Re:posterior: Yeah, looking back I think this doesn't mean in English what I thought it meant. Deleting the word.
Re:shifting: write a bit more about it, maybe it's better now.
One other word to swap out- "draft" for "sketch" in L-2937-(1-7) at the bottom.
Both can mean "simple drawn image", but…
- a sketch is a loose drawing
- a draft is something drawn while planning how to create something else. (The person who originally made them would have drawn drafts of the final thing they painted on the ceramic)
The "Fun with English" part is that in my work as an artist, I can sketch rough drafts of my ideas which I then use to draft a sketch of the final painting. Thanks to my technical drawing training, I can also draft precise formal blueprints. But things get sketchy when there's a draft in the room, because that can make my arm cramp up. Hooray for English. ^~^;
But anyway, what he has there are sketches.
Really nice SCP other than that- we get native speakers of English who don't write English this well, so doubly impressed here. +1
there's a draft in the room
Even more fun when the British English spelling of draught is used.

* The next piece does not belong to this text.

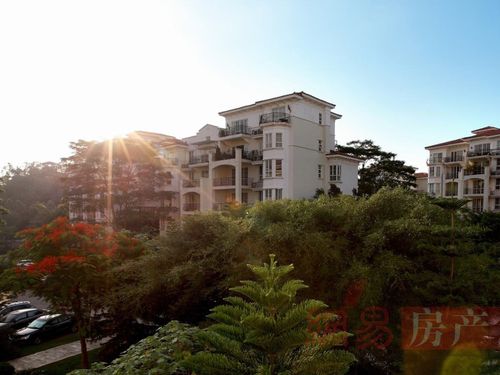 广州新房 佛山 南海 祈福南湾半岛 待售 祈福南湾半岛 大型生态社区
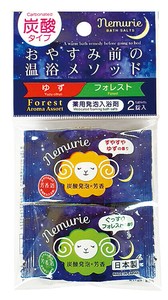 ネムリエ フォレスト 2錠入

I like the overall effect, but I'm somewhat confused as to why the individual pieces are being kept apart & buried. Did I accidentally skip over something?
Giving bearhugs to the unsuspecting since 1872.
From what I gathered is that if they are left alone together the pottery will begin doing the ritual on their own. Not sure if it requires more than two or if the auto ritual is amplified with more relics in close proximity. Kind of discusses that in the document, but it would have been more understandable if in the description itself.
This is really cool. I don't recall seeing the IJAMEA before, and I like the idea. The pottery itself is at least vaguely interesting, and only gets more so as the article progresses. Also, I love that you used both "Xing'an" and "Hsingan". Could use a little cleanup for phrasing here and there, but otherwise, this gets a +1 from me.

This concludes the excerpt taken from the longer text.